(Zwarte) roodstaart
De lente vordert: appels, kersen, meidoorns en vele andere loofbomen botten uit, sleedoorns en krentenboompjes bloeien, pinksterbloemen en dotters bloeien, hazen rammelen, zwartkopjes zingen. De eerste zwaluw bracht geen zomer maar intussen zijn boerenzwaluwen en oeverzwaluwen met vele uit Afrika gearriveerd. Fitissen druppelen binnen en de rest komt op gang: braamsluipers, vliegenvangers, roodstaarten.
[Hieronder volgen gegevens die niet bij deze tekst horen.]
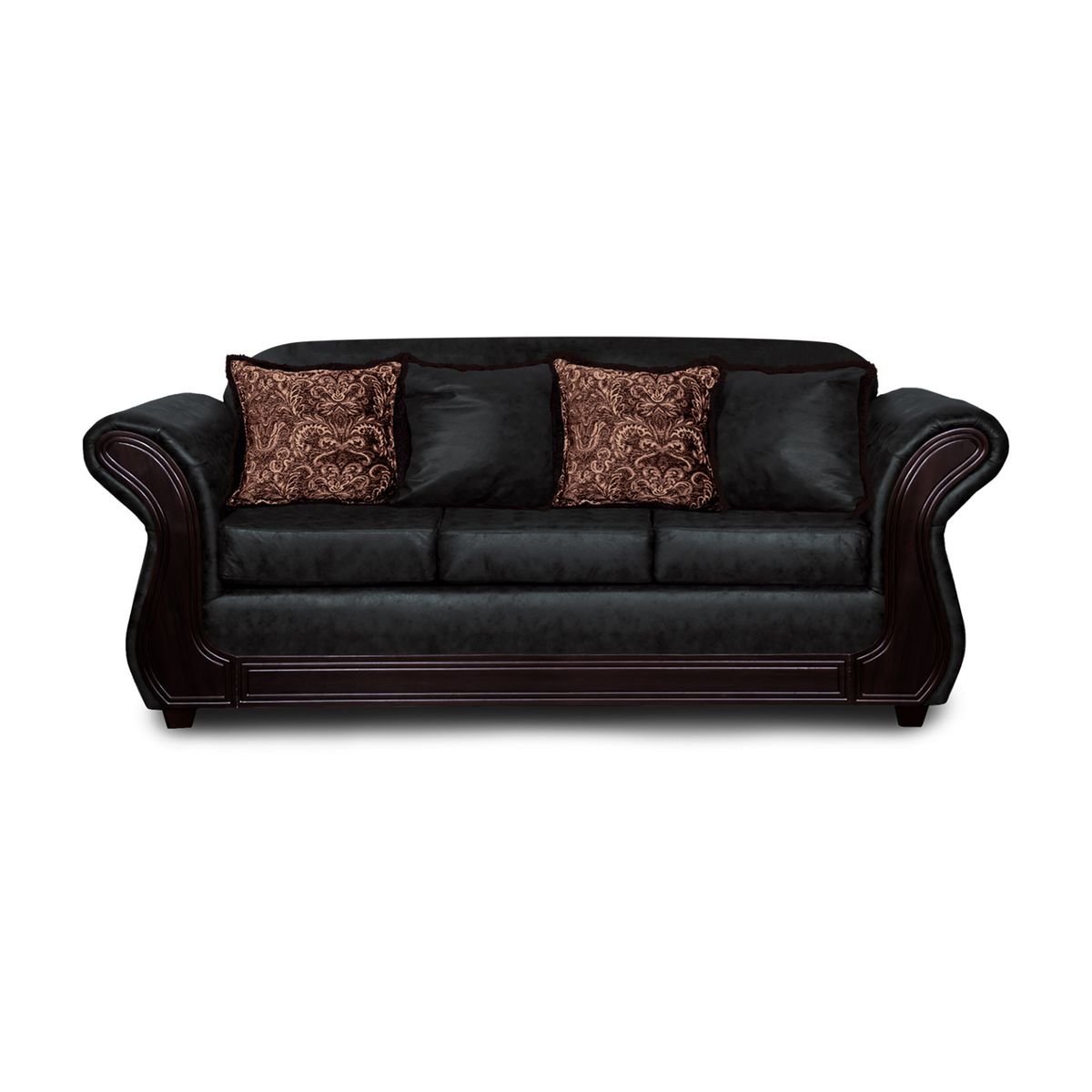 ADONIS LEUDH - Sofá 3 Personas Palermo Envejecido Extra Grande Negro Con Pelitos.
In Nederland broeden twee soorten roodstaarten: gekraagde en zwarte. Het zijn twee van onze mooiste vogels. Gekraagde arriveren later dan zwarte roodstaarten, die er in maart al zijn. Die bergvogels vinden in Nederland een rotslandschap dat zich nog altijd uitbreidt met nieuwe overslagcentra en berdrijventerreinen. Dat zal de reden wel zijn dat de vogels hun aantal van naar schatting 14 tot 22 duizend paar op peil weten te houden. Zwarte roodstaarten zijn midden in binnensteden, industriegebieden en bedrijventerreinen te zien. En vooral te horen: hun knarsige lied verraadt hen. Kijk dan omhoog en zie het vogeltje op een nok of in een boom. Vorig jaar hoorde ik er wekenlang een bij de bouwput van het stationsgebied in Groningen.
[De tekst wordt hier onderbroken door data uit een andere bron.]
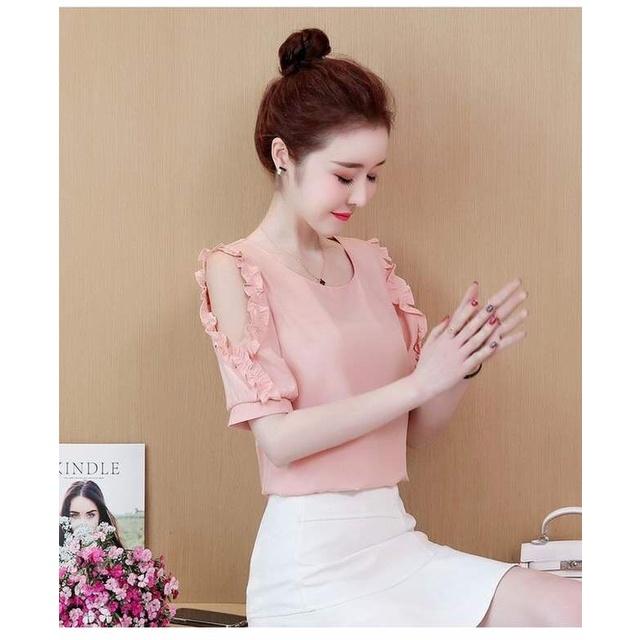 Áo Kiểu Công Sở Tay Bèo Khoét Vai Điệu Đà BY6381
Kennelijk kunnen zwarte roodstaarten genoeg te eten vinden om aan een gezin te kunnen beginnen. Zulke kleine vogels hebben niet veel nodig, maar wij Nederlanders hebben al vele kleine vogelsoorten over de kling gejaagd of het moeilijk gemaakt. Zwarte roodstaarten eten dan ook een breed menu van geleedpotigen.
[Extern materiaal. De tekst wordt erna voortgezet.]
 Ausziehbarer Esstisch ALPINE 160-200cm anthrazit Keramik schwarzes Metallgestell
Dat zo’n prachtig vogeltje niet bedreigd wordt vind ik een opsteker. Het is een hele prestatie van die soort. Laten we zuinig op ze zijn. Wij richten onze nieuwe tuin rommelig in voor insecten en holletjes zijn er in overvloed. En hoor: tijdens het klussen worden we aangemoedigd door het roestige riedeltje van een zwarte roodstaart. Die zit vaak boven in de beuk; goed te zien in de bladerloze krjuin. Check. Nu nog een gekraagde roodstaart!